So strange this feeling of treading water. Just biding time until something happens but I have no idea what. It is really disconcerting and it’s triggering all sorts of stuff for me. Wanting to drink, feelings of dissatisfaction and boredom and the general overarching emotion of ‘meh’.
The thing that is really annoying me now is myself. I can’t tell you how frustrated I am that I’m not making the most out of all I have and that happiness is eluding me. I’m irritable and tetchy and quite frankly, a right royal pain in the arse. Nothing is right and nothing is good enough. In fact, ‘nothing’ is a great word to describe how I feel at the moment. Now I realise that sounds terrible and reading it back now makes me want to shake myself. I mean, what is wrong with me for goodness sake? I want to find the switch that turns it all back on again. Whatever ‘it’ is.
I have to be honest though. No point in not. I have lost enthusiasm for it all again. I can’t see a way forward and I’m in one huge mental block. I’m living life in limbo. I have absolutely no answers and all I’m doing is hanging on to the small ray of hope that it will change. I don’t know how to initiate that change but hopefully it will come. Ideas and solutions seem out of reach. One question that keeps going round and round my brain is ‘why can’t I just be grateful and appreciate all I have?’. That would make me happy. That would bring joy and contentment. Sadly, it doesn’t seem to happen like that. These things can’t be forced and actually that only serves to make the situation worse. I’m becoming increasingly despondent and fed up with Claire.

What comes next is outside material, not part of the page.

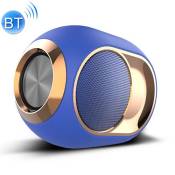 Haut-parleurs Enceinte Bluetooth 5W Mains-libres USB Carte Micro SD AUX + SD 4Go Bleu YONIS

So on I go. Not drinking, trying to do my best to be a good mum and a kind person, feeling a little like a failure. Am I the only person that sticks rigidly to a diet and gains weight? Are the odds stacked against me in that too? We tell each other constantly to ‘take it a day at a time’ so that’s what I’ll do. Maybe an hour at a time would be even better? It’s just an hour can feel like an awfully long time here in limbo land.